【私の生活流儀】本多静六 | 【Mink 。本のにおいがスキである。】

【私の生活流儀】本多静六

■タイトル:私の生活流儀

■著者:本多静六

■発行:2005年7月20日

■発行所:実業之日本社

■定価:本体1000円+税


残したい箇所を抜粋します。


いったい多くの人は、草むらにのぞむと、いきなり、一番こんで、一番太い草から、力ずくでムリヤリ抜いてかかろうとするからはかがいかぬ。骨ばかり折れて中途でいやになる。これは一番うすい、一番小さな草から、手近なところをえらんで、根気よく抜いていくに限る。そうすれば知らぬ間に広い場面がきれいになって、こんだ草、太い草まで楽に取りのぞくことができる。すべて世の中の事もこれと同じであると。

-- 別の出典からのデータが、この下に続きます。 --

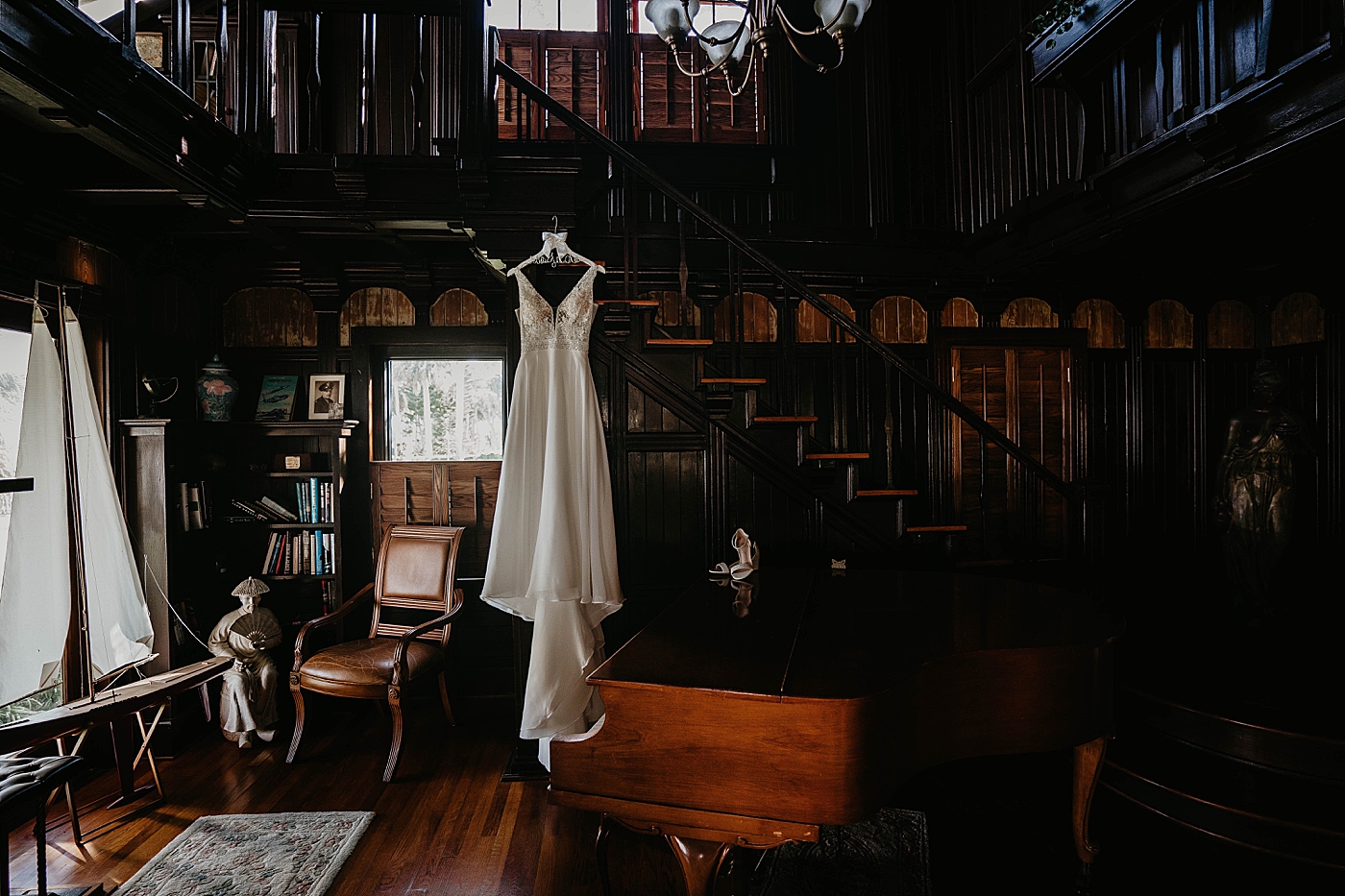 Detail shot of wedding dress hanging The Estate on the Halifax Wedding Photography captured by South Florida Wedding Photographer Krystal Capone Photography 
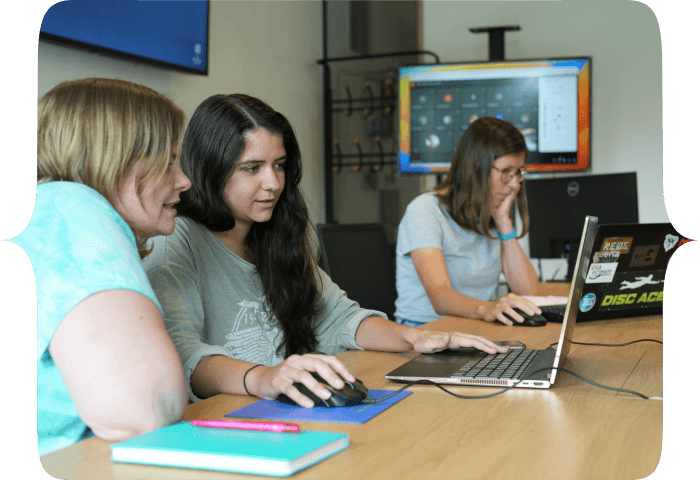 A group working together around laptops in a collaborative session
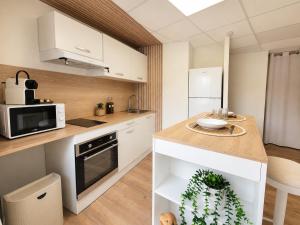 a kitchen with white cabinets and a counter top at La Maison De Colette in Lezoux +16 photos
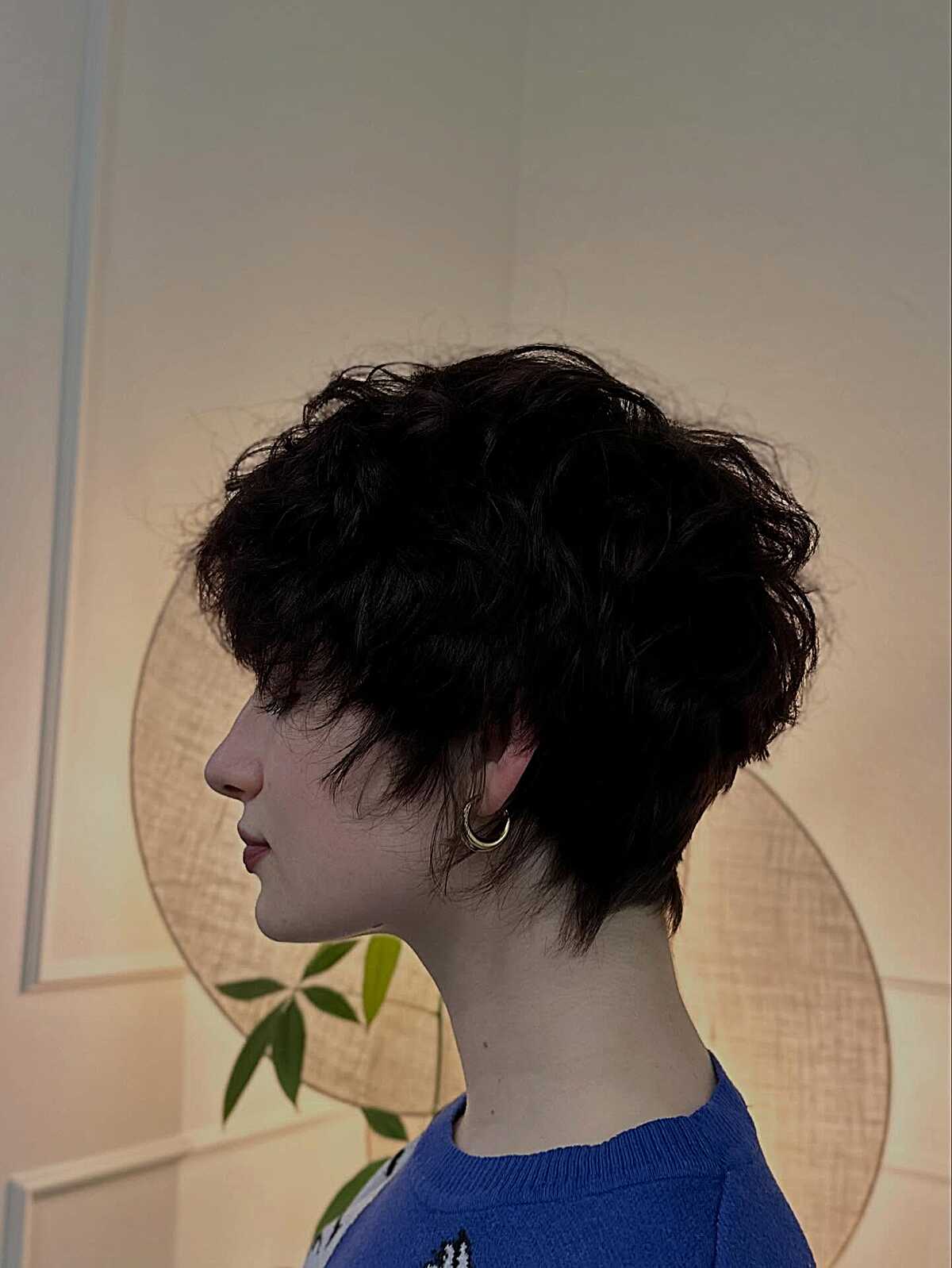 Black curly pixie with volume at the crown and nape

塩だけのお菜で朝食をすますのだが、これで私は貧乏と粗食になれッこになった。


牛や馬は青草ばかり食っていても、その体中には、多量の脂肪や、蛋白質や、各種ビタミン類など、あらゆる栄養素が完全生成されるのをみてもわかる通り、人間も、その地に産する新鮮な野菜類と米麦その他の穀類を混用していさえすれば、健康は十二分に保ち得るわけである。それなのに、不完全なるゼイタク栄養学、数字ばかり並べたがる人工栄養学は、やれ動物蛋白質をどれだけとらねば病気になるの、やれ肉や卵を食わねば栄養失調になるのと、できもしない相談をもちかけて嚇かすばかりである。


仕事が人を年寄らせない。忙しさが人を若返らせる。